Hattusas was the capital city of the Hittites, the only imperial power to rule their realm from inland Anatolia. Here the Hittites, at their most powerful between 1400 and 1200 BCE, erected massive structures of mudbrick on stone foundations. From this city, home to perhaps 40,000 at its height, the Hittites reached the Aegean Sea to the west and challenged the Pharoahs of Egypt for control of Syria to their south.
The other premier Bronze Age site in Turkey is Troy, in the North Western corner of the country. It is, to be sure, a small site in comparison to the likes of Hattusas or Ephesus, but few places are more evocative. Tales of the Trojan War form one of the cardinal cycles of Greek myth, endlessly retold in the poetry of Homer, the tragedies of the classical Greek dramatists, and almost all media of art (including modern film). At the site of Troy, excavated since 1870, you will stand on this storied ground yourself and survey the complexities of what has been found there, how it relates to Homeric epic (if at all), and what it all means. A dazzling experience.
Finally, there is Ephesus. One of the richest Greek cities on the ancient coast of Asia Minor, home to one of the Seven Wonders of the Ancient World (the Temple of Artemis), and the Roman city, the capital city of the province of Asia, one of the richest regions of the empire. The ruins of the city cannot conceal this former prosperity: marbled and porticoes streets, vast bath complexes, commemorative arches, a huge theater, affluent houses ranged on a hillside near the forum with marble wall panels, mosaics and frescoes still in place – all bespeak the former power and richness of this magnificent city.
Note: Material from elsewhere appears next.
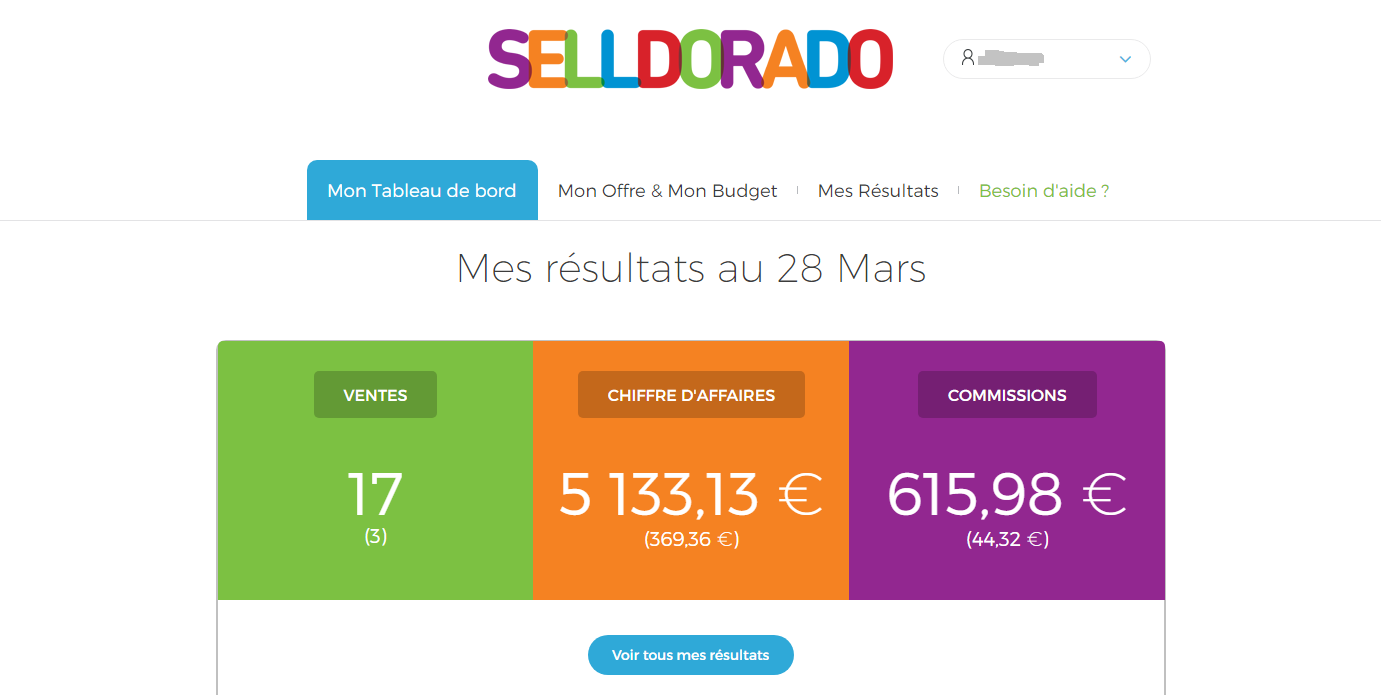 screen-interface-utilisateur.png screen-interface-utilisateur.png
At all three of these sites, Far Horizons has arranged private tours of the excavations… And this is just the tip of the iceberg. There is the bizarre, alien landscape of Cappadocia, riddled with rock-cut dwellings and Byzantine churches; the holy city of Konya, birthplace of the whirling Dervishes; the mountaintop city of Sagalassos affording spectacular views of the valleys and plains below; and, of course, the majesty of Constantinople/Istanbul, a city at once ancient and modern, classical and cosmopolitan, marvelously sited at the mouth of the Bosphorus straits that separate Europe from Asia. Turkey has it all, and it’s there for your taking!